(Short text fragments from websites)

* * *

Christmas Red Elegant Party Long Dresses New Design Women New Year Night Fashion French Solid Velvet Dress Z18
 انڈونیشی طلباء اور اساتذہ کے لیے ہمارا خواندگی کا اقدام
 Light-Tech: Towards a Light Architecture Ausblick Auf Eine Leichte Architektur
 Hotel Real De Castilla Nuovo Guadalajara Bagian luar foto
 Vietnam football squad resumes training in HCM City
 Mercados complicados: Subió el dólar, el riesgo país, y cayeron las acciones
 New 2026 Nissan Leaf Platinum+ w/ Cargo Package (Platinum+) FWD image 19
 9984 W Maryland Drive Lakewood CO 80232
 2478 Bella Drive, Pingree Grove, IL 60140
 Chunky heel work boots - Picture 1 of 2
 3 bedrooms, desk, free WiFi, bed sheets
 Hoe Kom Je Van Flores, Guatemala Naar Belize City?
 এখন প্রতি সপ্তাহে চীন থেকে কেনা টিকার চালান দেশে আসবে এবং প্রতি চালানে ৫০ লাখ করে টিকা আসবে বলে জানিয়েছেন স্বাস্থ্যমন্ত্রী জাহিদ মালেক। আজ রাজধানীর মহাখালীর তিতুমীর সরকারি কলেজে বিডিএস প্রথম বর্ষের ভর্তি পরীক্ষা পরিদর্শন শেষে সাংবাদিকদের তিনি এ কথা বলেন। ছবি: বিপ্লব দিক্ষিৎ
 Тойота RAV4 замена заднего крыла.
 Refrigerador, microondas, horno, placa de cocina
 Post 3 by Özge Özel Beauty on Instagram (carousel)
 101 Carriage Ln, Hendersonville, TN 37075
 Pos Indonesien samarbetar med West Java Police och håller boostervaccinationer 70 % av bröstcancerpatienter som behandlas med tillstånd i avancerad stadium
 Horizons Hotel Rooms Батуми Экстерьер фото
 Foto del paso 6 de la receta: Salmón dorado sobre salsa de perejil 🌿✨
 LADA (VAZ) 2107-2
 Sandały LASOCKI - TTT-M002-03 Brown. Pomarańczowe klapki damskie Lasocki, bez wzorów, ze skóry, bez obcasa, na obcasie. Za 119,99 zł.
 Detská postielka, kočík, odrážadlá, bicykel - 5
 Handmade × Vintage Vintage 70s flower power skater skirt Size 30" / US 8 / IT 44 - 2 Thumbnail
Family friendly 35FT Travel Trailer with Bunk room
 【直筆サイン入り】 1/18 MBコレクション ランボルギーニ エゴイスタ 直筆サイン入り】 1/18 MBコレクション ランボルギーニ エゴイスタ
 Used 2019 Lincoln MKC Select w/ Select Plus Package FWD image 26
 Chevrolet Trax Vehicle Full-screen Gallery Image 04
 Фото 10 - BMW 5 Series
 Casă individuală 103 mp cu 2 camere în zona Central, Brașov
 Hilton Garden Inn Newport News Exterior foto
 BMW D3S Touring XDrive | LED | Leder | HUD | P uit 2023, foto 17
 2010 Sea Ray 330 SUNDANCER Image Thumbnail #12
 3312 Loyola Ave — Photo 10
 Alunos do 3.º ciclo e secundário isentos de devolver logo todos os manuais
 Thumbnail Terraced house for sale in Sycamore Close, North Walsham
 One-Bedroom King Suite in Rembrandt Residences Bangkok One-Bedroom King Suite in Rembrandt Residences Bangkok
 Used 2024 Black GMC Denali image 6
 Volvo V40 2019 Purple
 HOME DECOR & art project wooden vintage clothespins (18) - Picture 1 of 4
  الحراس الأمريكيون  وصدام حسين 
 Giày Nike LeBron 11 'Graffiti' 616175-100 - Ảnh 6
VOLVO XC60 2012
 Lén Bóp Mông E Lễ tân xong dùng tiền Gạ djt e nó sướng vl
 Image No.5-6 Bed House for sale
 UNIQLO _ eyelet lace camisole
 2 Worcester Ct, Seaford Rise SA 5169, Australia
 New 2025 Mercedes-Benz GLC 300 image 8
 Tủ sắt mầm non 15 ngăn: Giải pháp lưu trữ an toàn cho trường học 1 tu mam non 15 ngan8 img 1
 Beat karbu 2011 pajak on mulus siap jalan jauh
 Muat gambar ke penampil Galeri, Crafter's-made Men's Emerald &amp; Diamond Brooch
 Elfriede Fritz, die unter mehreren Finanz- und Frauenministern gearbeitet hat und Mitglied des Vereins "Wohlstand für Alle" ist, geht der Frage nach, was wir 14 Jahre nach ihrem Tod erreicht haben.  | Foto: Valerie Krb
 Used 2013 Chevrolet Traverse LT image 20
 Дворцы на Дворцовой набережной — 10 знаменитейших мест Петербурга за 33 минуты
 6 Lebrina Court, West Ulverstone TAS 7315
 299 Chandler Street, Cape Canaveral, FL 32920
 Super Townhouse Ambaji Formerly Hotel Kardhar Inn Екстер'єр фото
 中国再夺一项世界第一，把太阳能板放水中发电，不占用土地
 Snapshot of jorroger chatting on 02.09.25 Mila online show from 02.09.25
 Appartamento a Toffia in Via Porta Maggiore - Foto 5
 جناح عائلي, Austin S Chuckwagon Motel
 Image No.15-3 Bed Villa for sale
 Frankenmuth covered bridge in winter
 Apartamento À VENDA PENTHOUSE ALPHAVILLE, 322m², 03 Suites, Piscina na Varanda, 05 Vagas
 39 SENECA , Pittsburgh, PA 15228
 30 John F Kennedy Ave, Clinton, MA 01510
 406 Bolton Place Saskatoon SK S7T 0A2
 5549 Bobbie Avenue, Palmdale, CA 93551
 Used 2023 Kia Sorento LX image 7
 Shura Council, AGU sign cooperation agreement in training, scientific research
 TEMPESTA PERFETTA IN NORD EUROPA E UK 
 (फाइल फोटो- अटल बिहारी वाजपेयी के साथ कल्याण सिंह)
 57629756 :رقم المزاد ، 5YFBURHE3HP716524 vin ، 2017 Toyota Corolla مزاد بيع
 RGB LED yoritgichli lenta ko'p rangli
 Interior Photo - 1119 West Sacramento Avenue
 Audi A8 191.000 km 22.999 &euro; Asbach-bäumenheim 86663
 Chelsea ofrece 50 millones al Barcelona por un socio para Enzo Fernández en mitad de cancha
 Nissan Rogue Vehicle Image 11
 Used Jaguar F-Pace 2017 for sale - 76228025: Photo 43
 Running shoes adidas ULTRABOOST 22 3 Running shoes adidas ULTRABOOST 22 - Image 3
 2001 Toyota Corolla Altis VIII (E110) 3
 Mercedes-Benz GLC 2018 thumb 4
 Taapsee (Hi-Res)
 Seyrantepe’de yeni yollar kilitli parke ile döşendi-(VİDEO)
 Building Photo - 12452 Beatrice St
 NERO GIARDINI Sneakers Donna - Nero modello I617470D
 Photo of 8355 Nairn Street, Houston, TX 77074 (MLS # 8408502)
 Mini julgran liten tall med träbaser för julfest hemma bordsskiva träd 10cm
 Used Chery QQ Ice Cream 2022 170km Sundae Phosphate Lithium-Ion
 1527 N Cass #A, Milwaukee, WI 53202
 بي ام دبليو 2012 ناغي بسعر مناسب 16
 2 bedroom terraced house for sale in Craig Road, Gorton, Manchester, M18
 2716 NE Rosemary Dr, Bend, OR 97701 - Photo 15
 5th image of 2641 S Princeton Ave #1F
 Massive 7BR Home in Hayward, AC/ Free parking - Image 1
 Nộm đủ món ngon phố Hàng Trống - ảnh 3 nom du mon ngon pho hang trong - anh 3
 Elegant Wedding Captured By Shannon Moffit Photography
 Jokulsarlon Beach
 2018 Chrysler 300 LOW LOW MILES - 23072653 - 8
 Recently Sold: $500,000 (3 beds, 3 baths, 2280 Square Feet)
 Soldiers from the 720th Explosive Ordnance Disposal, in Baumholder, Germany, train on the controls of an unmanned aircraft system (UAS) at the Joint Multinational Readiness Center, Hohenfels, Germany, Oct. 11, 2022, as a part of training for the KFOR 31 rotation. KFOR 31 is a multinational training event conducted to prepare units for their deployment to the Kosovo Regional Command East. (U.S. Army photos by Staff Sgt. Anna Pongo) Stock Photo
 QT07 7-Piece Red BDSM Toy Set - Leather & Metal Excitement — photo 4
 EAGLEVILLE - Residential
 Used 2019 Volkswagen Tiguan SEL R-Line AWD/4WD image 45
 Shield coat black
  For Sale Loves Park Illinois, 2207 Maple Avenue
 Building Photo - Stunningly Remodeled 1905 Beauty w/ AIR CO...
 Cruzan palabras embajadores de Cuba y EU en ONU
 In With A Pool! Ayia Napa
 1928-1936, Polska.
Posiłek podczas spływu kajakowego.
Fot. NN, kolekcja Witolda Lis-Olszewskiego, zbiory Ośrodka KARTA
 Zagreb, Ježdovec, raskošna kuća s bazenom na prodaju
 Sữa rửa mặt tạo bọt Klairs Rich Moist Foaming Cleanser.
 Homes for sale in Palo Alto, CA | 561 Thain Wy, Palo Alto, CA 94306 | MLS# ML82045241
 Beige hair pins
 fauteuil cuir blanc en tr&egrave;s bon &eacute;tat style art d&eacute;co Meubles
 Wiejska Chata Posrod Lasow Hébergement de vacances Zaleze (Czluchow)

* * *

How to complete this task: Word for word, repeat the data from its first line through the line with "Hoe Kom Je Van", including both of those lines and no others.

Answer to the problem:
Christmas Red Elegant Party Long Dresses New Design Women New Year Night Fashion French Solid Velvet Dress Z18
 انڈونیشی طلباء اور اساتذہ کے لیے ہمارا خواندگی کا اقدام
 Light-Tech: Towards a Light Architecture Ausblick Auf Eine Leichte Architektur
 Hotel Real De Castilla Nuovo Guadalajara Bagian luar foto
 Vietnam football squad resumes training in HCM City
 Mercados complicados: Subió el dólar, el riesgo país, y cayeron las acciones
 New 2026 Nissan Leaf Platinum+ w/ Cargo Package (Platinum+) FWD image 19
 9984 W Maryland Drive Lakewood CO 80232
 2478 Bella Drive, Pingree Grove, IL 60140
 Chunky heel work boots - Picture 1 of 2
 3 bedrooms, desk, free WiFi, bed sheets
 Hoe Kom Je Van Flores, Guatemala Naar Belize City?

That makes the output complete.